• Assignment
Everything from the line containing "Thumbnail: 2023 Toyota RAV4 - 8" to the last line of the listing below should be restated exactly, both ends included, with nothing added and the pictures omitted.

• Records for the exercise
◆ ◆ ◆ ◆

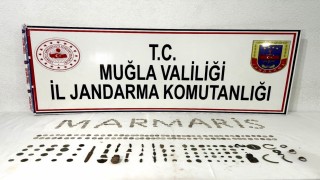 Marmariste tarihi eser kaçakçıları jandarmaya yakalandı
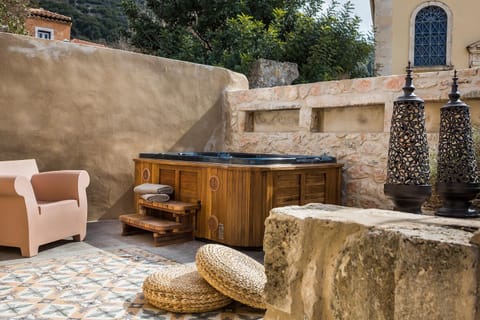 Patio, Hot Tub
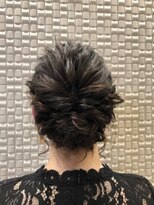 【新宿Olive’s by neolive】シニョンアレンジ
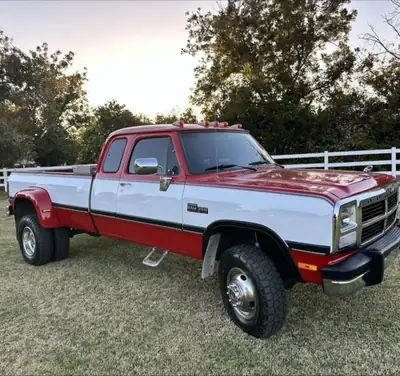 Dodge Ram W 3500 Dually — Mythique pickup V8 4x4, moteur 250 ch, très bas kilométrage — Miniatur 12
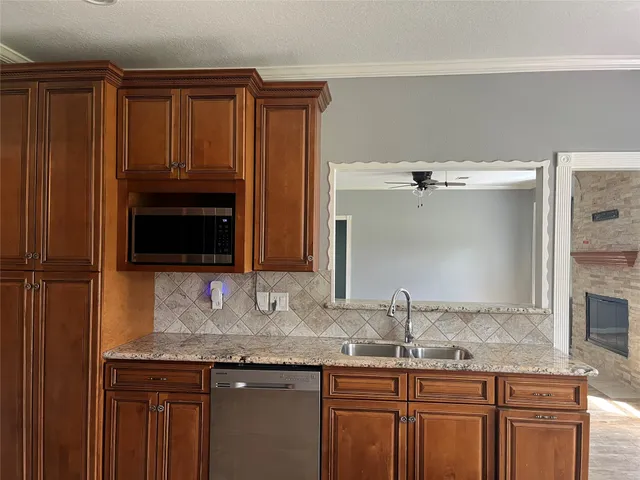 $3,700 | 6630 Bailey Road, Pearland, TX 77584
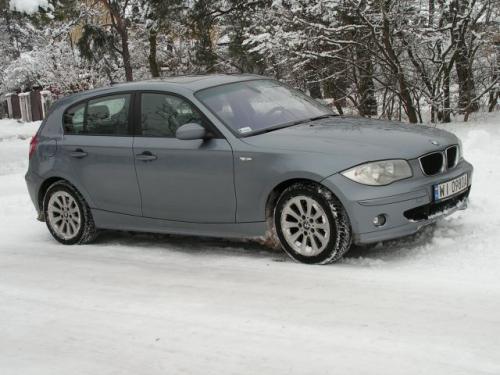 Fot. Ryszard Polit: BMW 120d jest nietypowe pod wieloma względami &#8211; ma napęd na tylne koła, wymiary auta kompaktowego i przy cenie 111 tys. zł - klimatyzację za dodatkową opłatą.
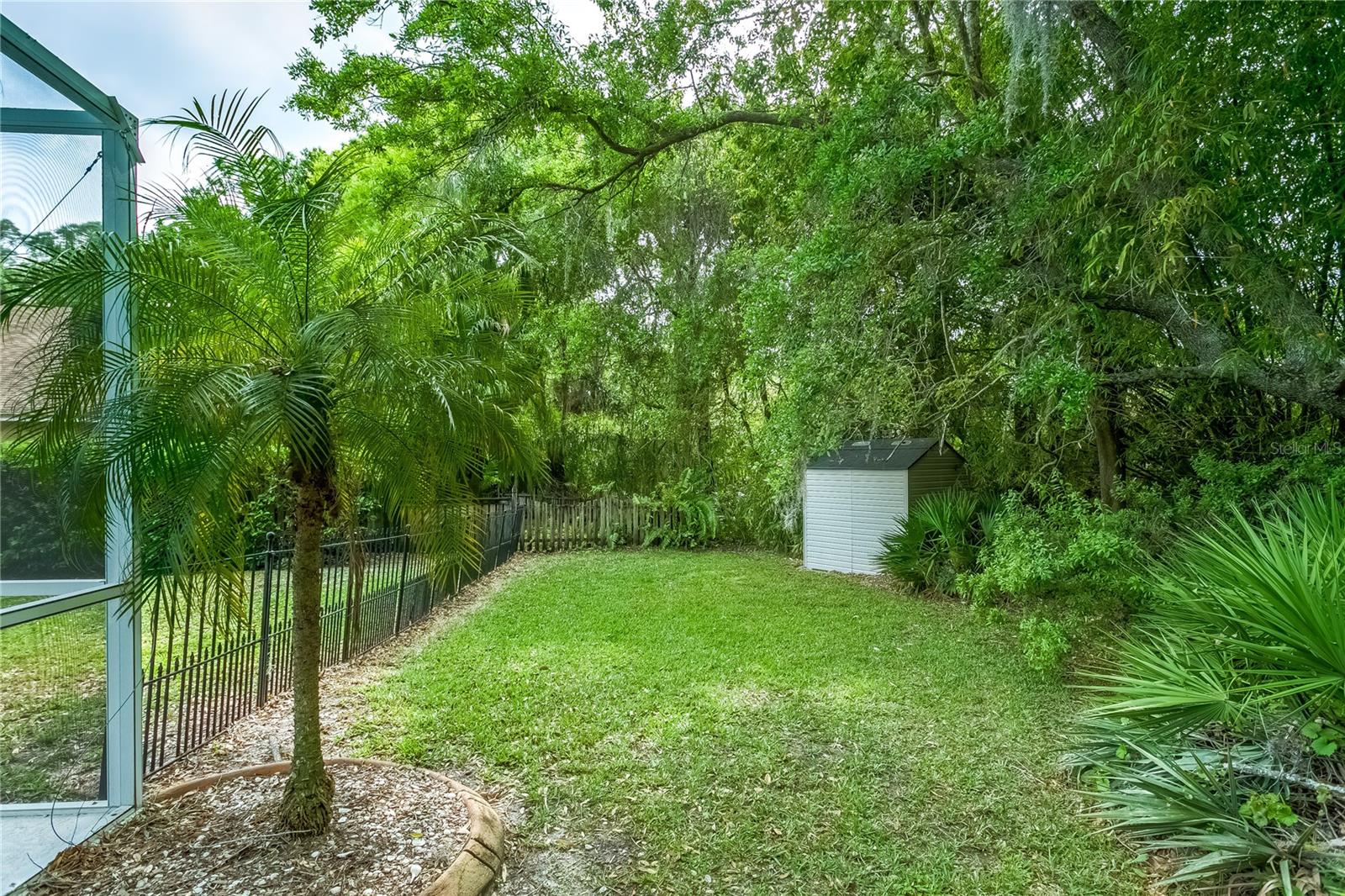 11933 DERBYSHIRE DR — photo 23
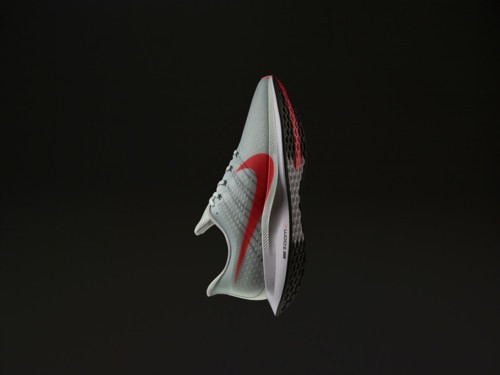 Nike تطرح حذاء Zoom Pegasus Turbo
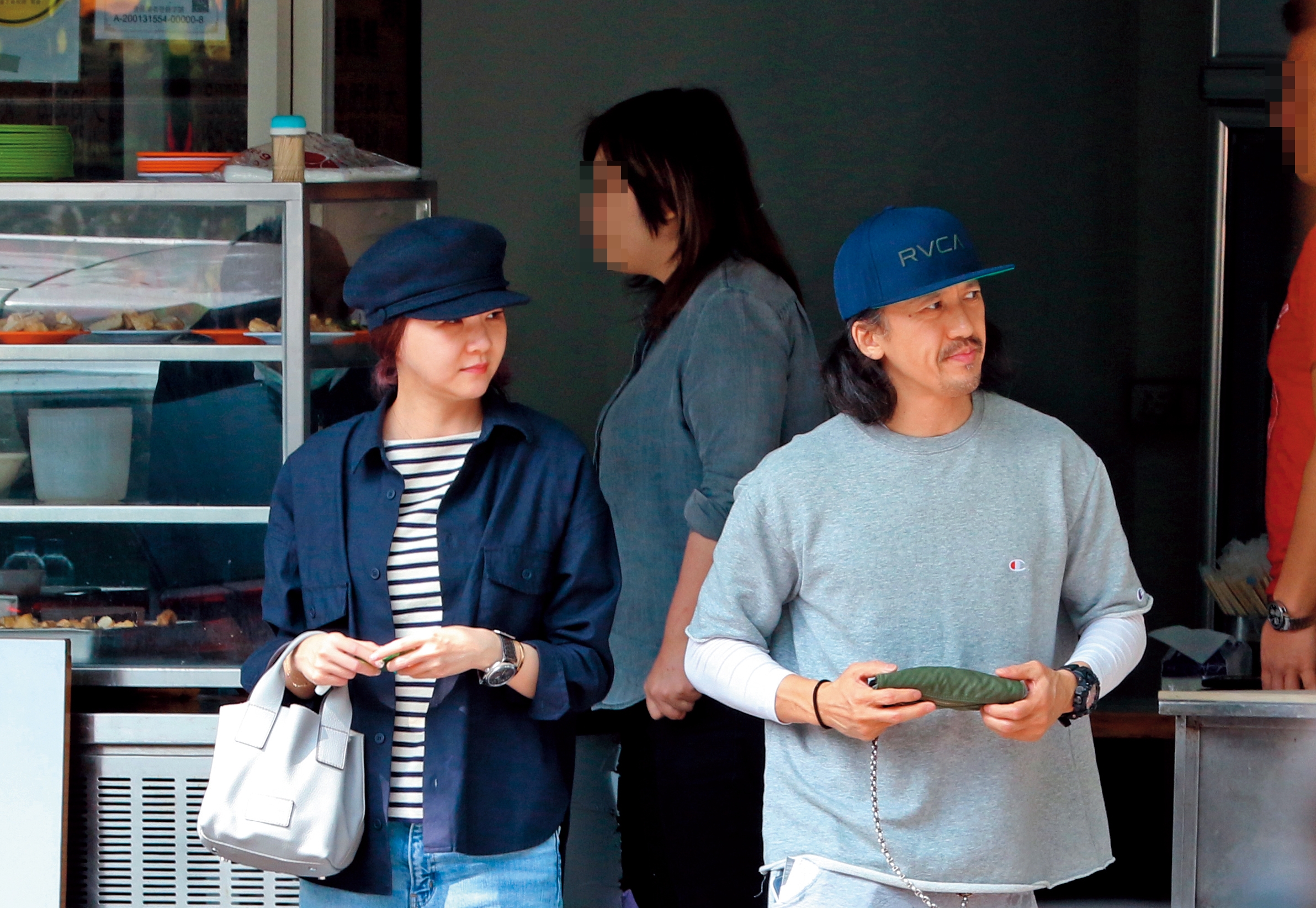 2月21日　13：27　雖然沒太多親密互動，但花花（左）仍和陳熙（右）一起戴藍色帽子出門。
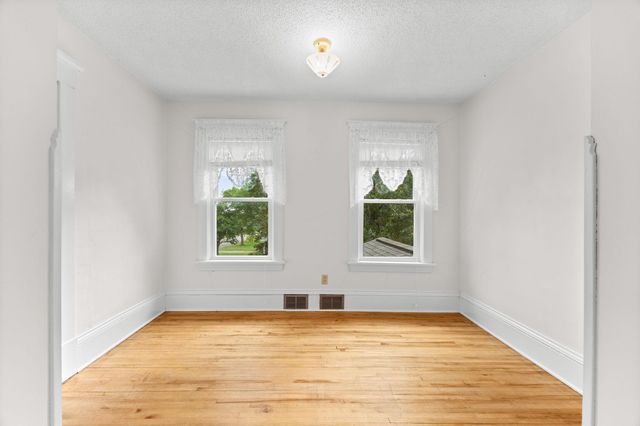 730 Johnson Avenue SW, Cokato, MN 55321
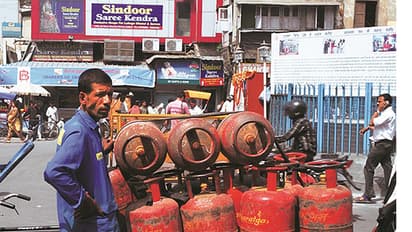 Andhra govt races against time to replace Kerosene with LPG connections in BPL households by June 8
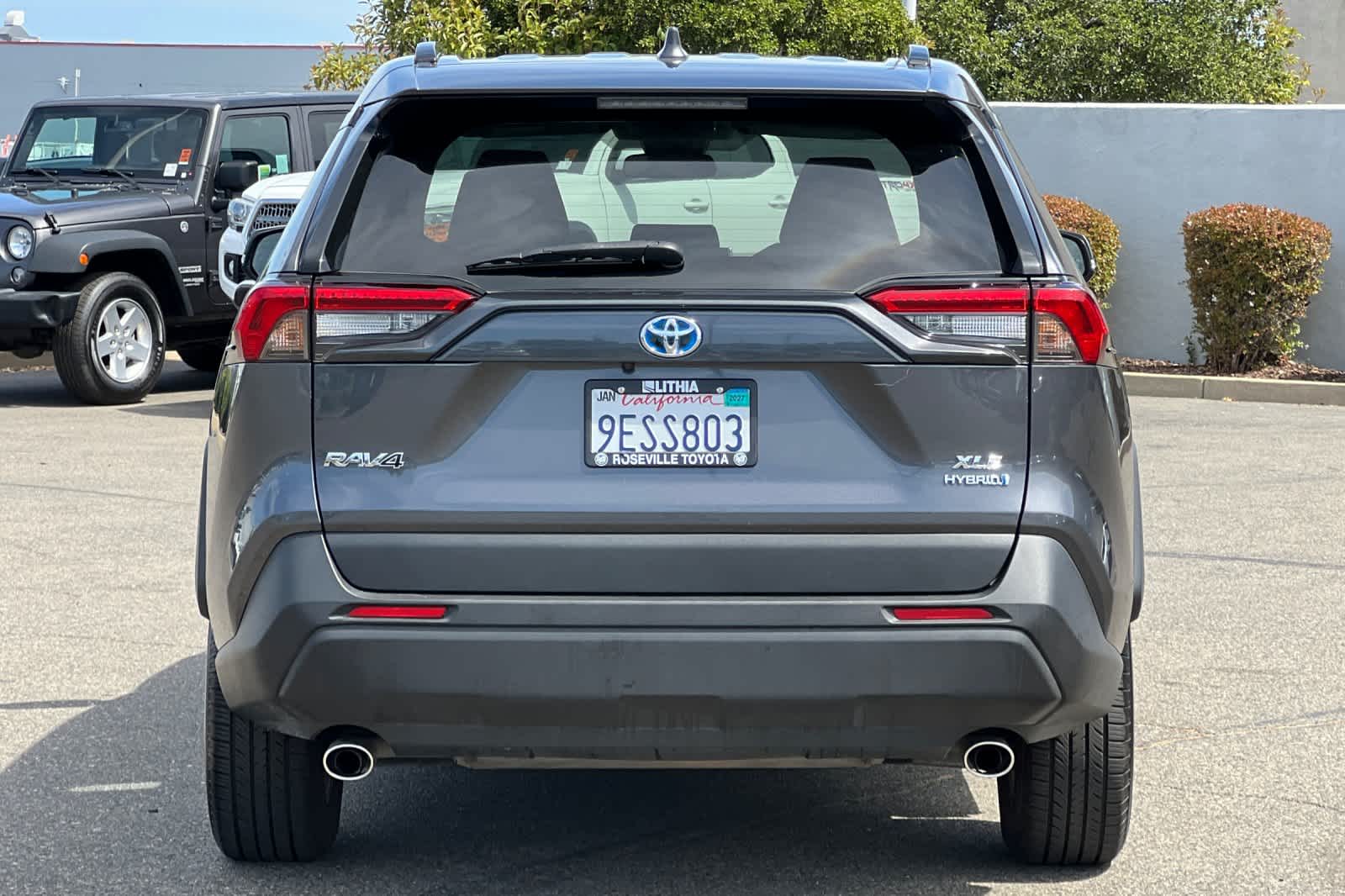 Thumbnail: 2023 Toyota RAV4 - 8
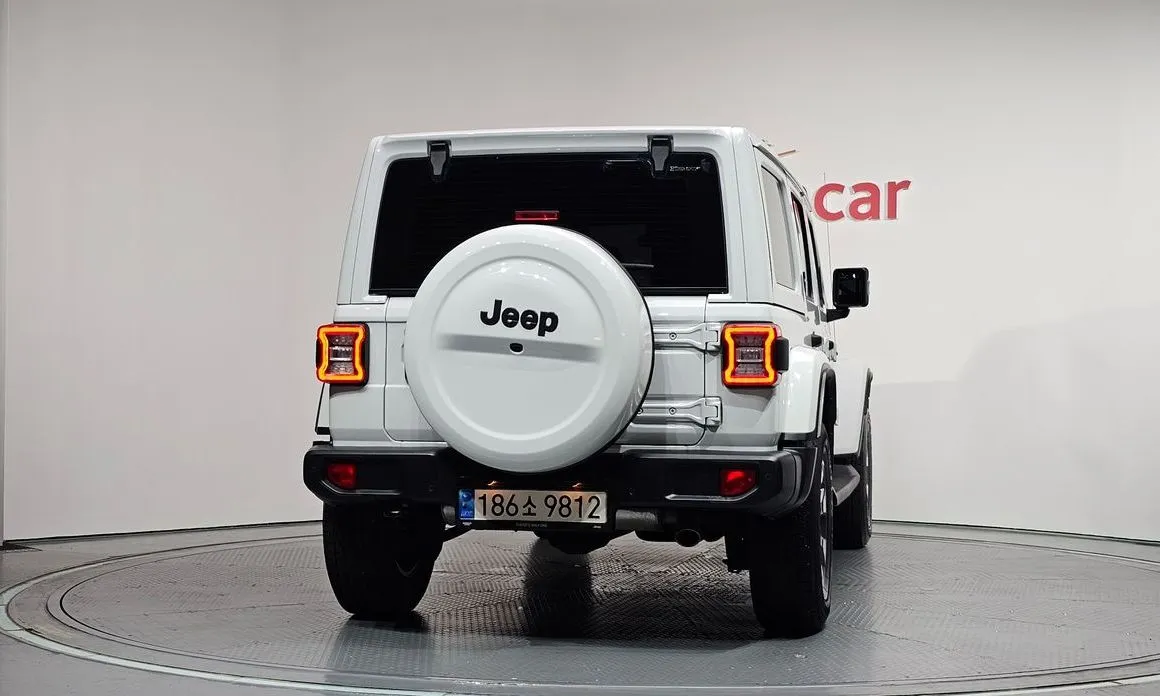 Jeep Wrangler — фото 2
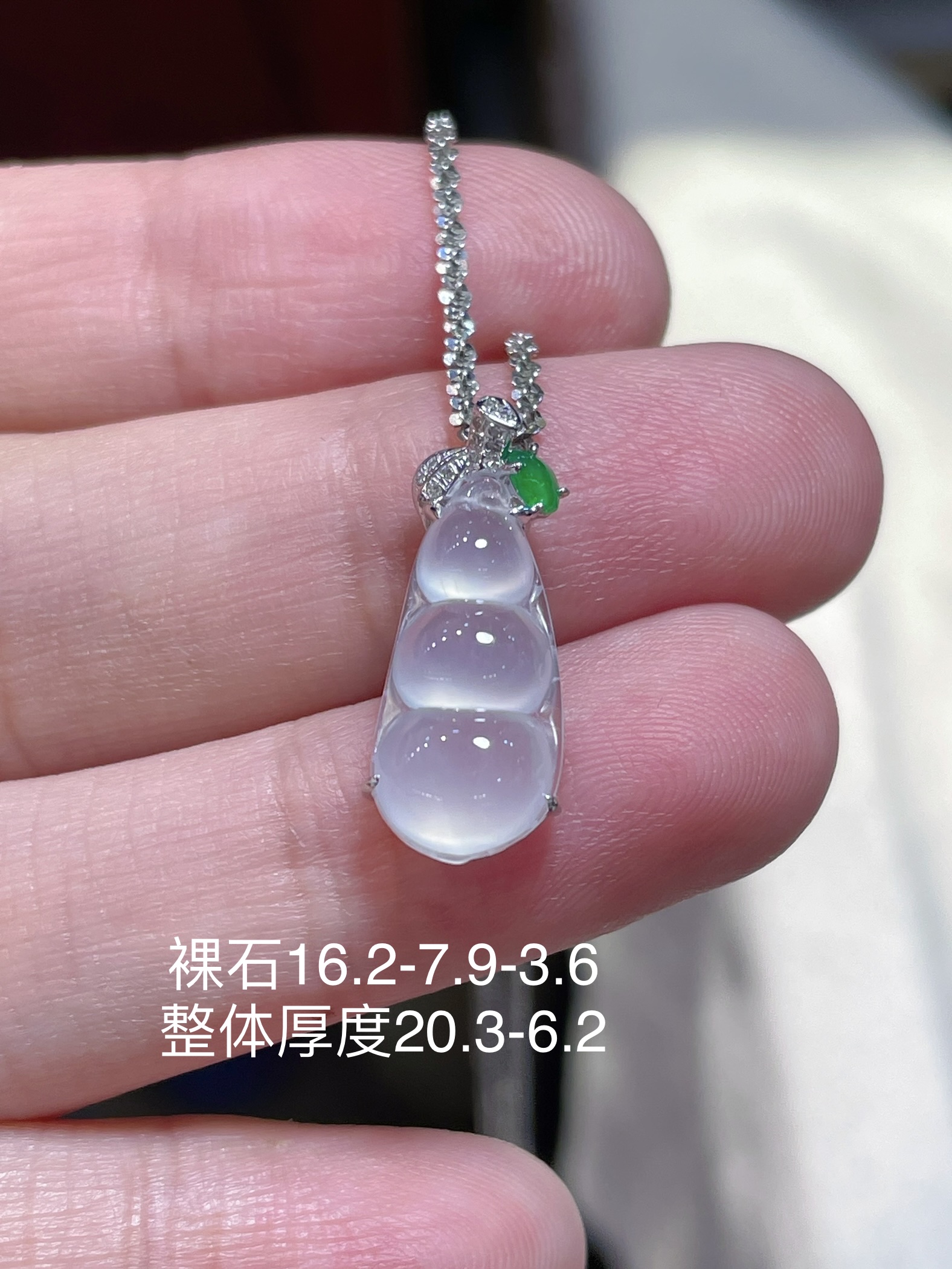 ️ 天然翡翠A货冰种福豆吊坠，  很纯很冰，料子够厚装 无裂，18k真金镶嵌，16.2-7.9-3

◆ ◆ ◆ ◆

• Reply
 Thumbnail: 2023 Toyota RAV4 - 8
 Jeep Wrangler — фото 2
 ️ 天然翡翠A货冰种福豆吊坠，  很纯很冰，料子够厚装 无裂，18k真金镶嵌，16.2-7.9-3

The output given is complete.